Benar dugaan Dito. Dia mendesah, lalu memegang tangan Regina. “Gin … aku minta maaf. Aku nggak bermaksud nutupin semua in—”

“Dit!“ Regina menyela. Dia memegang pipi Dito. Lelaki itu tak bisa berkata-kata, dia merasa sangat bersalah ketika melihat wajah sedih Regina.

“Ayo kita putus!“ ajaknya yang semakin membuat lidah Dito keluh.

Di sisi lain, Olivia memasuki kamar mandi setelah Dito meninggalkannya di kamar seorang diri. Perempuan itu menyalakan shower, lalu duduk di lantai dengan tangis yang tak kunjung berhenti sejak tadi.

Olivia marah, dia juga merasa malu. Dia menganggap dirinya telah kotor karena perbuatan Irgi yang melecehkannya. Ucapan Irgi pun terus terngiang di kepalanya. Yang mengatakan bahwa Dito tak akan mau menerimanya lagi setelah ini.

Olivia takut. Bagaimana jika Dito benar-benar akan meninggalkannya? Dia harus apa? Dia tak memiliki tempat untuk pulang selain Dito. Apakah benar kisah cintanya dengan Dito akan berakhir seperti ini?

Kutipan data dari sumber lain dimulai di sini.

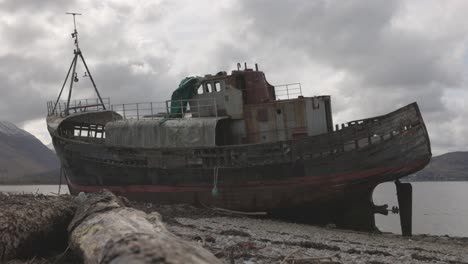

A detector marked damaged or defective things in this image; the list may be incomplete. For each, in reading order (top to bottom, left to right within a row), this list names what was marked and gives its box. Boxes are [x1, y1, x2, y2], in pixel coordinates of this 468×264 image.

broken timber [68, 191, 222, 264]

“Aku nggak pantes buat kamu, Dit,” gumamnya menjambaki rambutnya sendiri. Dia tak lagi peduli dengan kepalanya yang sakit, atau tubuhnya yang menggigil karena dingin.

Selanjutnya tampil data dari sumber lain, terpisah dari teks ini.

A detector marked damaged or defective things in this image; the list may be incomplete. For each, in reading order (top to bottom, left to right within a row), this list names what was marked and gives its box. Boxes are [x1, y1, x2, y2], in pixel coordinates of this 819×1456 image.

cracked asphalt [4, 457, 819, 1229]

Kemudian, tiba-tiba mata Olivia melihat sebuah botol sabun yang tak jauh darinya. Mengambilnya, Olivia kemudian menjatuhkannya sampai botol berbahan kaca itu pecah.

Dengan tangan gemetar, Olivia mengambil salah satu pecahan yang paling besar. Matanya terpejam ketika ujung kaca yang tajam itu perlahan menggores pergelangan tangannya. Rasa sakit itu tak dia indahkan. Malah, dia tersenyum di detik-detik terakhir kesadarannya. Darah segar pun mengucur keluar, yang langsung bercampur dengan air shower yang terus menghujaninya.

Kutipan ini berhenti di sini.